The significance of banks in market economies cannot be overemphasized. There is indeed an apparent convergence of thought about the crucial role of banks in facilitating economic growth. Early theoretical analysis regarding the unidirectional relationship between the financial system and economic growth received immense empirical support from both academia and monetary economists alike.
Goldsmith (1969), Gertler and Rose (1994) and Levine (1997) all concludes with empirical data, that suggests a positive relationship between financial development and economic growth. It is no surprise that rigidities in the monetary market, particularly retail banking and inefficiencies in the micro-finance sector has provoked such public uproar that threatens confidence in financial intermediation in Ghana. The purpose and focus of this article, is to address pertinent matters bordering on legal protections (mostly unutilized) at the micro level and regulatory response (or lack of it) to structural changes in the short-end of the market. An ancillary goal is to highlight two essential issues:
(1) information gaps, from the customer's perspective, that produces two kind of effects (a) market inefficiencies and (b) a pampered value chain that drives growth at speeds beneath its competitive potential.

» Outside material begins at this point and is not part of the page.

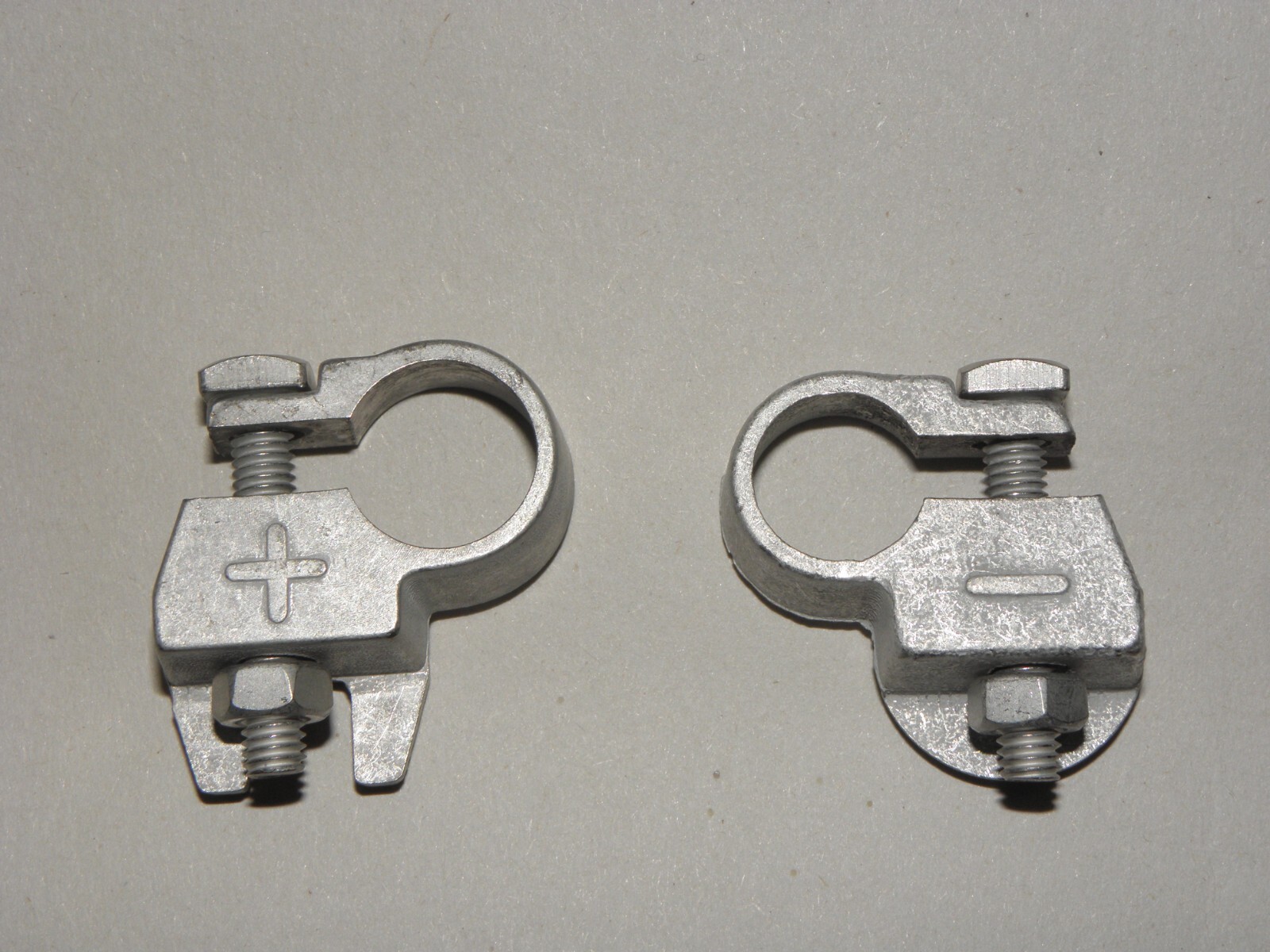Ford battery terminal converters Positive and Negative pair Durite 0-022-00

(2) A regulatory and supervisory model that appears to offer very little weight in support of the buyer (customer) who clearly wields weaker bargaining powers, merits commentary. The logical effect of a cartelized market structure and growth of parallel downstream markets lends credence to the call for policy review in order to make regulation a responsive and proactive tool for financial market development.
In the concluding section, a strong argument is made for a more progressive regulatory agenda that looks beyond prudential reporting to address key performance metrics such as system uptime, complaints logged and resolved, innovation cycles and other customer-centric measurement approaches.

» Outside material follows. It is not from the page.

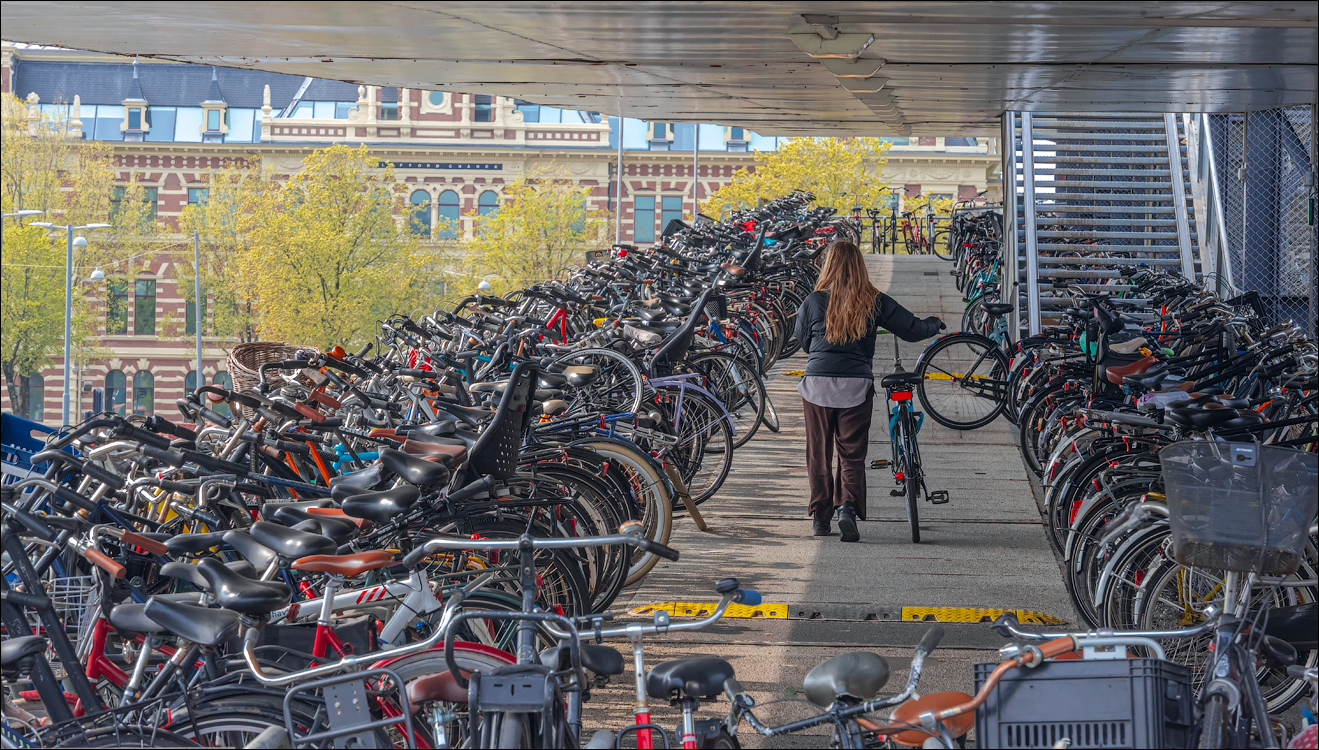 Amsterdam 20220428203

Generally, the term bank and banker are used interchangeably. The bank is used strictly to refer to the corporate body while the term banker may mean both the institution and the individuals that work within the corporation. The relationship between a banker and a customer depends on the activities, products or services provided by the bank to its customers. Thus the relationship between a banker and its customers is a transactional relationship.
The Banking Act 2004, Act 673 section 11 (1) defines permissible activities of a bank, hence essentially defining what a bank is, thus:
(a) acceptance of deposits and other repayable funds from the public:
(c) financial leasing;
(d) investment in financial securities:
(e) money transmission services;
(f) issuing and administering means of payment including credit cards, travelers cheques and bankers' drafts;
It is important to mention that this list includes security issues, guarantees, portfolio management and advisory services, inter alia.

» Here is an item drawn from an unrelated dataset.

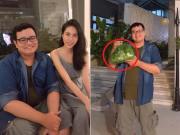 Nhà đẹp - Fan "ruột" nhắn tin xin ít rau sạch, Thủy Tiên hào phóng ra vườn hái cho hẳn 1 bọc to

The banker-customer relationship therefore emanates out of these basic services:
Debtor and Creditor
Leasor and Leasee
Investor and Broker/Issuer
Pledger and Pledgee
Bailor and Bailee
Trustee and Beneficiary
Agent and Principal
Advisor and Client and
Other miscellaneous relationships.
CLOSING THE GAPS - THE CONTRACT
To fully understand customer rights and legal protection of same within the context of banker-customer relationship there is a need to rehash the famous case of Joachimson v Swiss Bank Corporation (1921) which form the backbone of banking law as far as banker-customer relationship is concerned.
In this seminal case, Lord Atkin made this ruling:
'The terms of that contract involve obligations on both sides, and require careful statement. They appear upon consideration to include the following provisions. The bank undertakes to receive money and to collect bills for its customer's account. The proceeds so received are not to be held in trust for the customer, but the bank borrows the proceeds and undertakes to repay them. The promise to repay is to repay at the branch of the bank where the account is kept, and during banking hours. It includes a promise to repay any part of the amount due against the written order of the customer, addressed to the bank at the branch, and as such written orders may be outstanding in the ordinary course of business for two or three days, it is a term of the contract that the bank will not cease to do business with the customer except upon reasonable notice. The customer on his part undertakes to take reasonable care in executing his written orders so as not to mislead the bank or to facilitate forgery. I think it is necessarily a term of such contract that the bank is not liable to pay the customer the full amount of his balance until he demands payment from the bank at the branch where the current account is kept.'
The practical import of this case has obviously been overlooked by many financial service professionals in Ghana, due in part, perhaps, to the innocence of customers who may be ignorant of their legally enforceable rights that derives authority from the implied terms of the contract between a bank and its customer.
The Joachimson case clearly defines primary relationship between the bank and its customer as debtor and creditor, inter alia, and lays a framework for their respective duties, rights and responsibilities.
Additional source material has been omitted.